Curiosamente, Ensaio sobre a lucidez é um dos livros mais politizados da produção recente de Saramago. Mas o tratamento do tema político que conduz a obra chega a ser pueril ao percorrer os chavões do gênero. A única novidade é que ele atira para todos os lados e frentes, na intenção ostensiva de incomodar gregos, troianos e brasileiros. A história parte de um fenômeno inesperado, o de que praticamente toda uma população votou em branco nas eleições, para espanto das autoridades constituídas. Tamanho protesto leva os governantes a submeter as pessoas ao estado de sítio e depois ao de emergência com táticas no melhor estilo ditatorial.

O desencanto com a humanidade e as instituições democráticas se reflete na posição defendida pelos adversários políticos intragoverno, que afirmam ser a lucidez personificada pelo voto em branco. Qualquer outra opção seria, por exclusão, uma pantomima da democracia. As igrejas de todos os credos, velhas adversárias de Saramago, também levam seu quinhão de críticas. Com medo de represálias, elas surgem com a submissa contingência de evitar orações pelos mortos de um atentado provocado pelo próprio governo para incriminar os insurretos.
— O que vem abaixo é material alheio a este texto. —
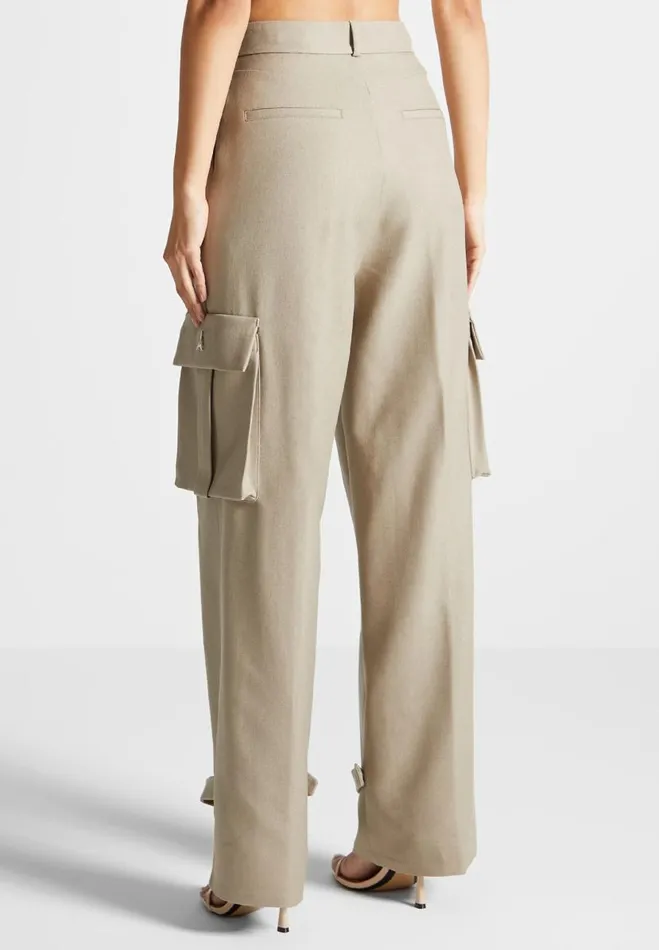 Manire De Voir Matching Sets Manire De Voir Woman Tailored Pleated Cargo Trousers 8211 Beige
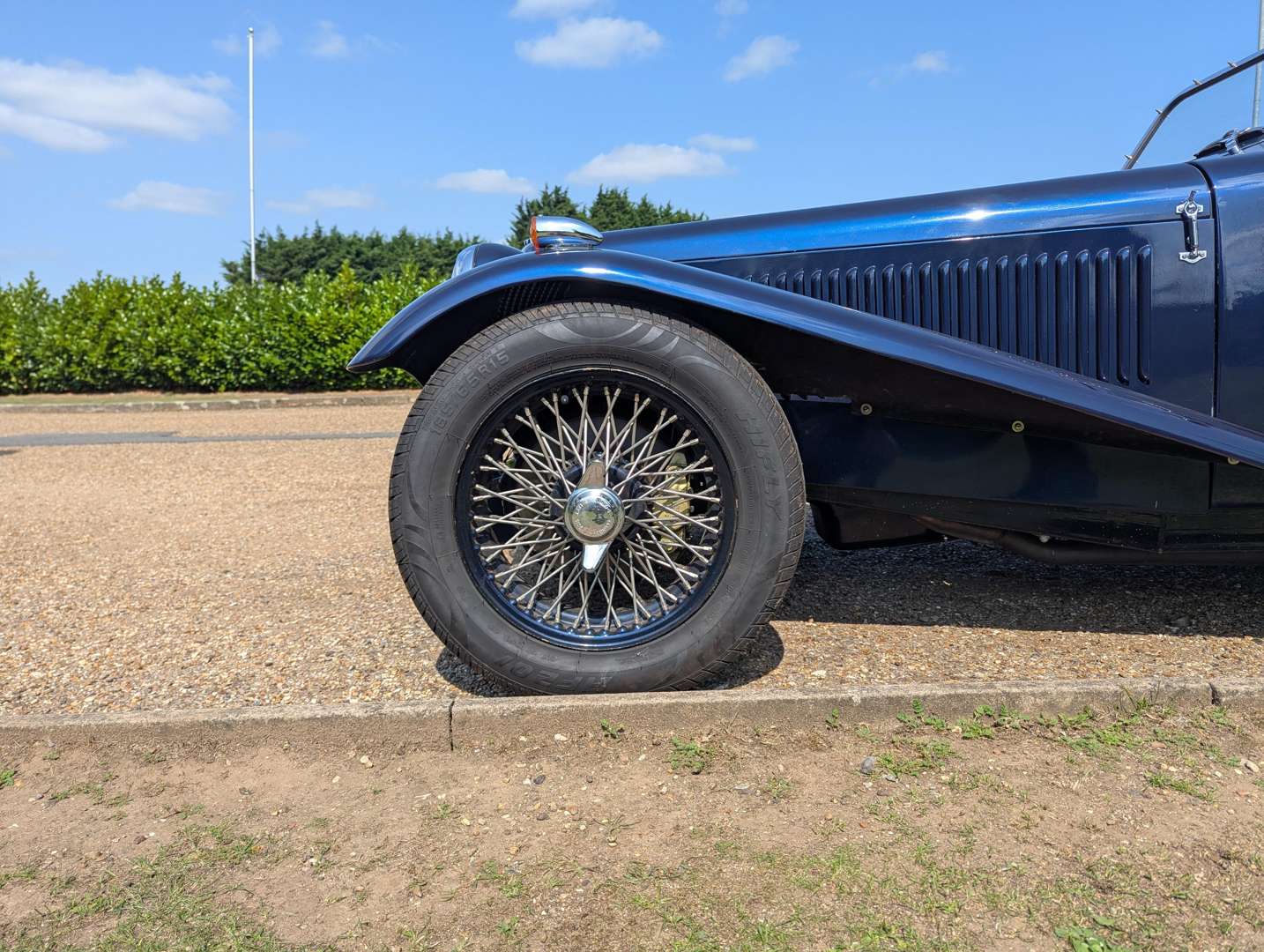 <p>1969 NG TF ROADSTER</p>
Uma alusão incontestável ao papel que a religião, principalmente na Península Ibérica, historicamente manteve como principal pilar de sustentação das ditaduras.

Ao longo dos cada vez mais generosos parágrafos de Saramago – uma literatura em que o discurso se enreda na narrativa e o resultado, arrastado por páginas a fio, nem sempre fica claro à primeira leitura –, os personagens não crescem nem ocupam os espaços que lhes deveria caber. Eles vão se arrastando malformados e, quando em raras oportunidades são realçados, deixam patente não terem vida própria. É como se o leitor estivesse diante de uma paródia universitária sobre os defeitos mais óbvios da democracia burguesa, e não da obra de um escritor maior.